Named after two of the team members’ grandmothers, the new establishment will stock a broad selection of bottles spanning numerous regions and price points. A market area will offer dinner party essentials, stylish homewares, and last-minute gifts. Fleming is working with a local designer to transform the back patio into a lush garden with outdoor seating. Big salads and sandwiches will fill the quick-service lunch menu, while dinner will see the space morph into a moodier atmosphere with small, seasonal plates. The team hopes to host weekly wine tastings, pop-ups with local chefs, and a wine club.
Shoki’s Ramen, Gyoza & Koji
Reopening in early December at 2530 21st Street in Sacramento
A kitchen fire, a pandemic, and supply chain delays couldn’t keep Shoki down. The Sacramento treasure, which closed its R Street location in Spring 2021, is reopening in early December as Shoki’s Ramen, Gyoza & Koji.

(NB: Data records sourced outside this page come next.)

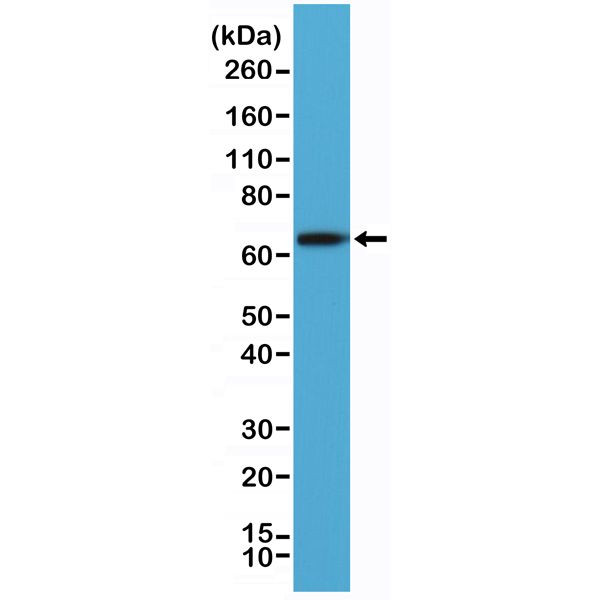 Placental Alkaline Phosphatase Antibody in Western Blot (WB)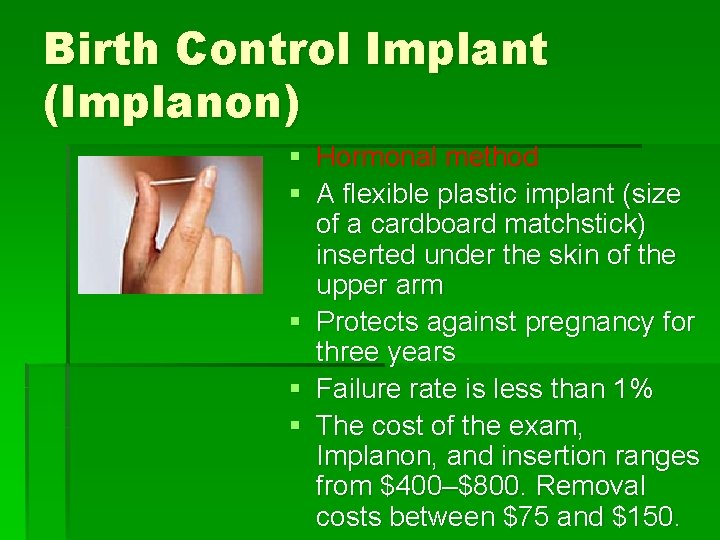 Birth Control Implant (Implanon) § Hormonal method § A flexible plastic implant (size of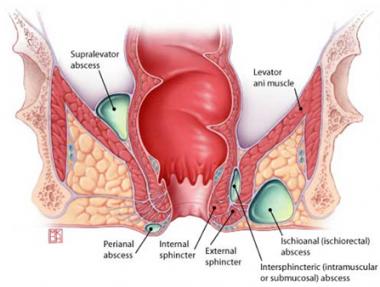 ABSCESO RECTAL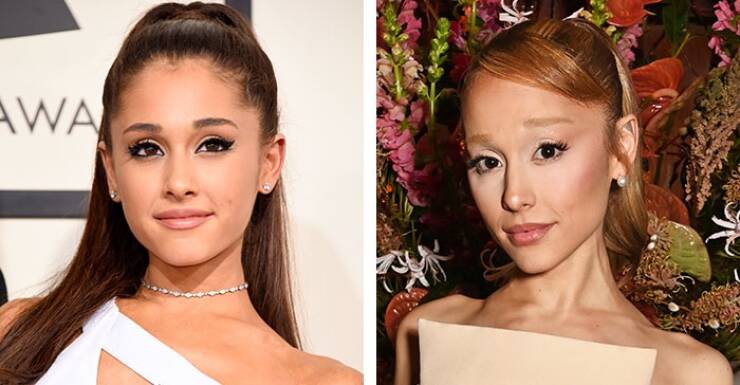 Stars Who Are Almost Unrecognizable After Plastic Surgery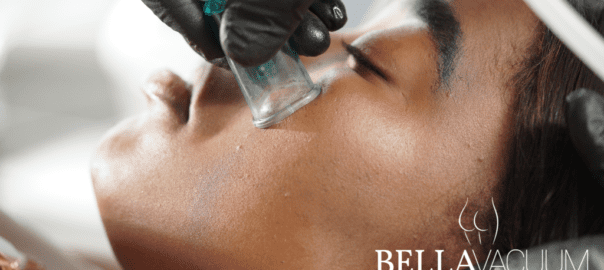 Vacuum Face Lift Facial Cupping treatment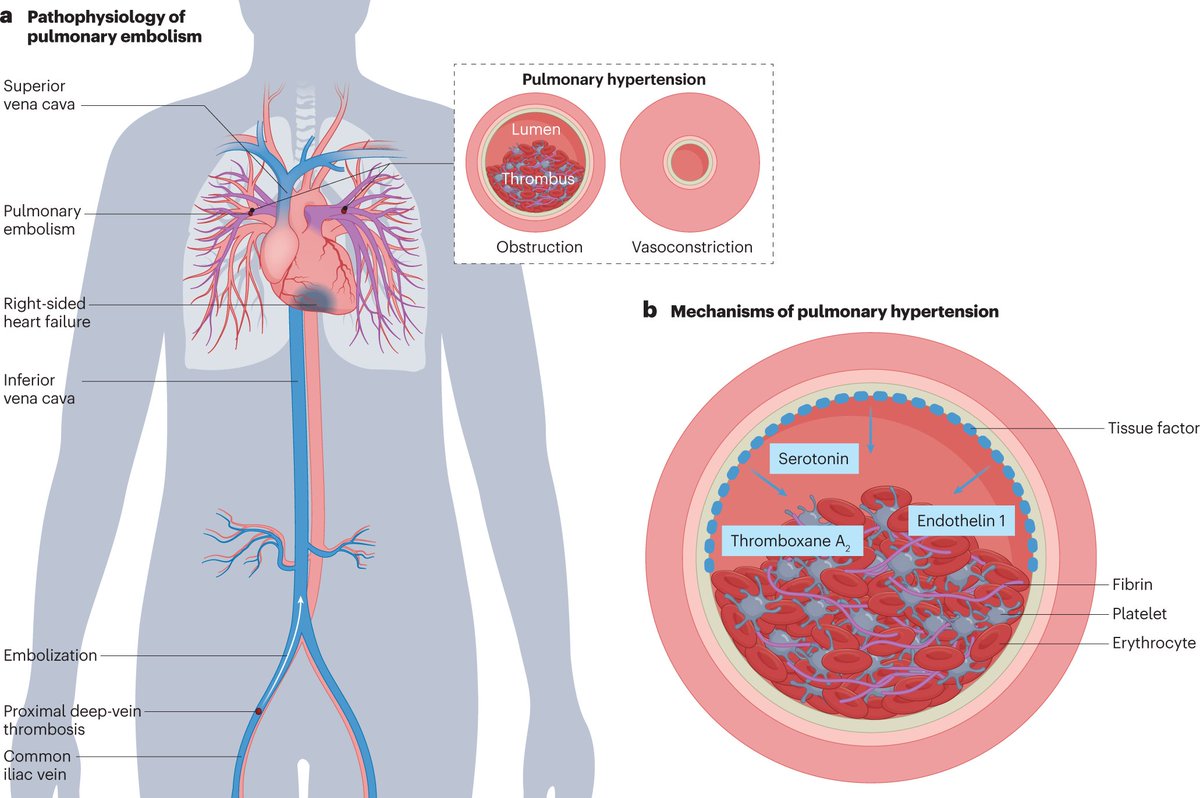 Nature Reviews Cardiology (@natrevcardiol) on Twitter photo In our latest Review, <a href="/FelixMahfoud/">Felix Mahfoud</a> et al. discuss interventional therapies for pulmonary embolism. Check it out here: rdcu.be/db6Dd In our latest Review, <a href="/FelixMahfoud/">Felix Mahfoud</a> et al. discuss interventional therapies for pulmonary embolism. Check it out here: rdcu.be/db6Dd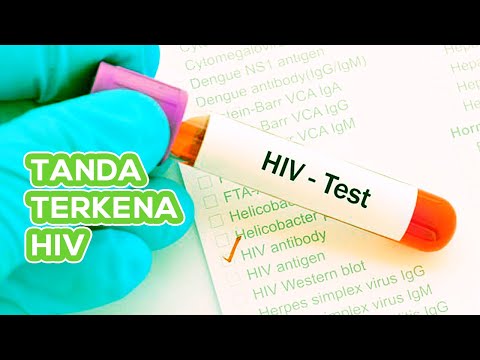 Video: Mengapa hiv tidak dapat dikesan?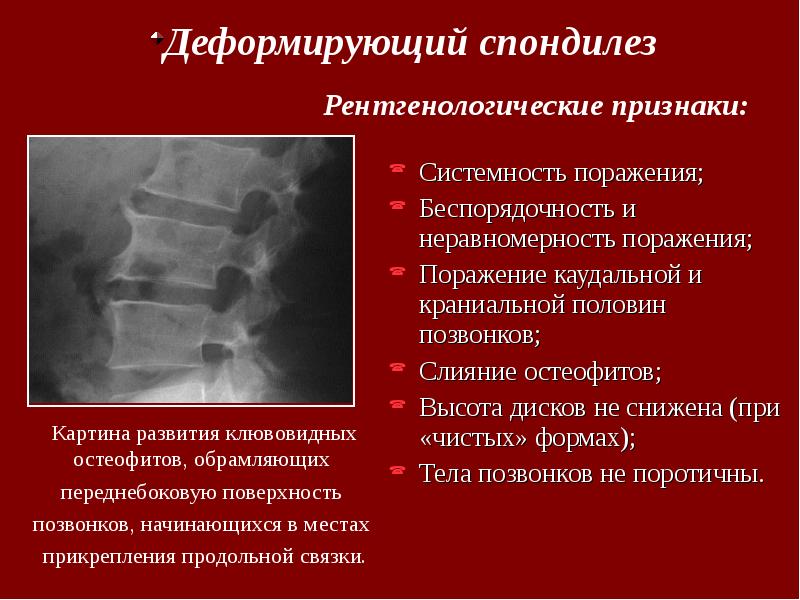 Остеохондроз шейного отдела спондилоартроз. Остеохондроз рентген описание. Деформирующий спондилоартроз рентген. Спондилоартроз стадии рентген. Остеохондроз стадии рентгенологические.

According to co-owner Kathy Ueyama, Shoki’s will be back and smaller than ever with what will be her and husband chef Yasushi Ueyama’s “last restaurant.” The couple opened the original Shoki’s in 2007 before it burned down in a fire in 2018.
With plans for only Yasushi and Kathy to operate everything from the kitchen to the service, expect limited seating and an emphasis on to-go orders. The new restaurant will embrace a return to Yasushi’s roots with handmade gyoza; the 300-year-old Japanese fermented superfood koji; the traditional fermented beverage amazake; and, of course, ramen. The last will be offered as a pared-down, rotating selection using local, seasonal ingredients.